=== Provided data ===

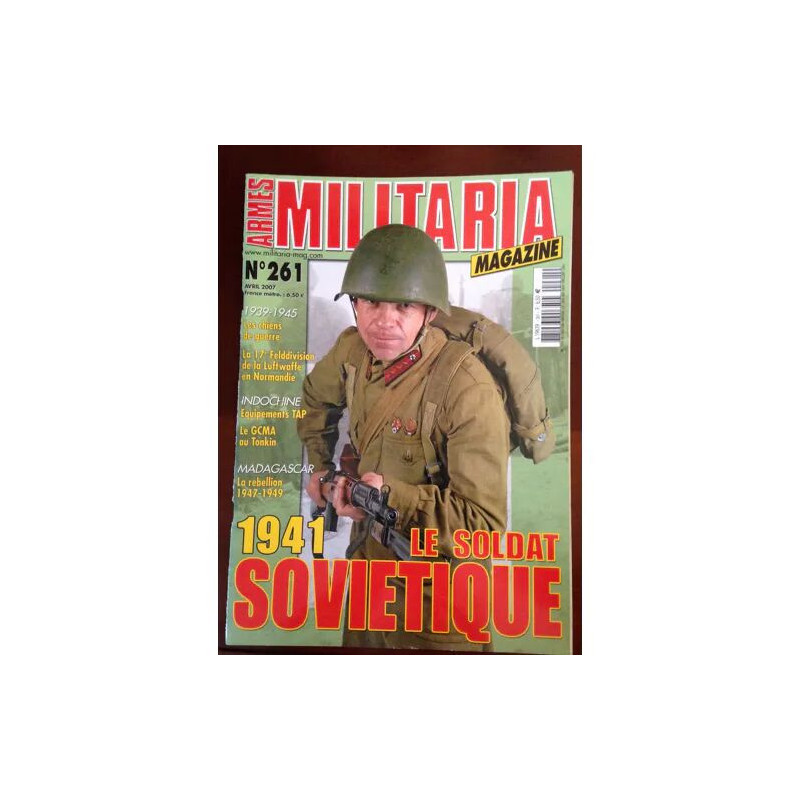 ARMES MILITARIA MAGAZINE N°261 LE GCMA EN INDOCHINE ARMEE...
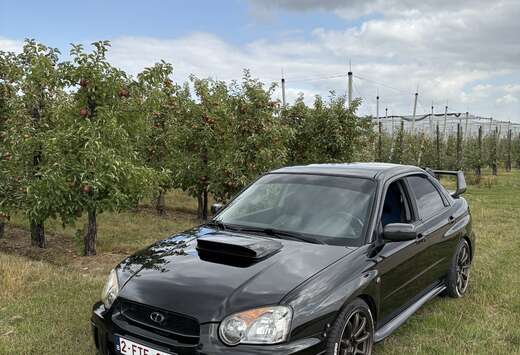 Subaru 2.0 Turbo 16v ABS AWD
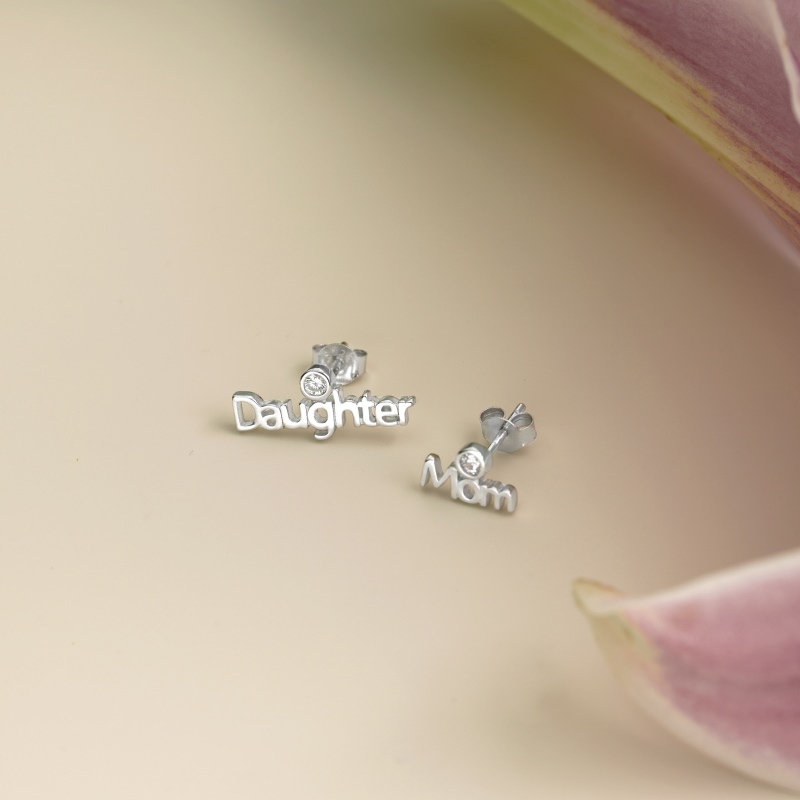 925 Sterling Silver Cubic Zirconia Earrings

===

What to work on: Once the pictures are set aside, please output all the data word for word.

Task solution:
 ARMES MILITARIA MAGAZINE N°261 LE GCMA EN INDOCHINE ARMEE...
 Subaru 2.0 Turbo 16v ABS AWD
 925 Sterling Silver Cubic Zirconia Earrings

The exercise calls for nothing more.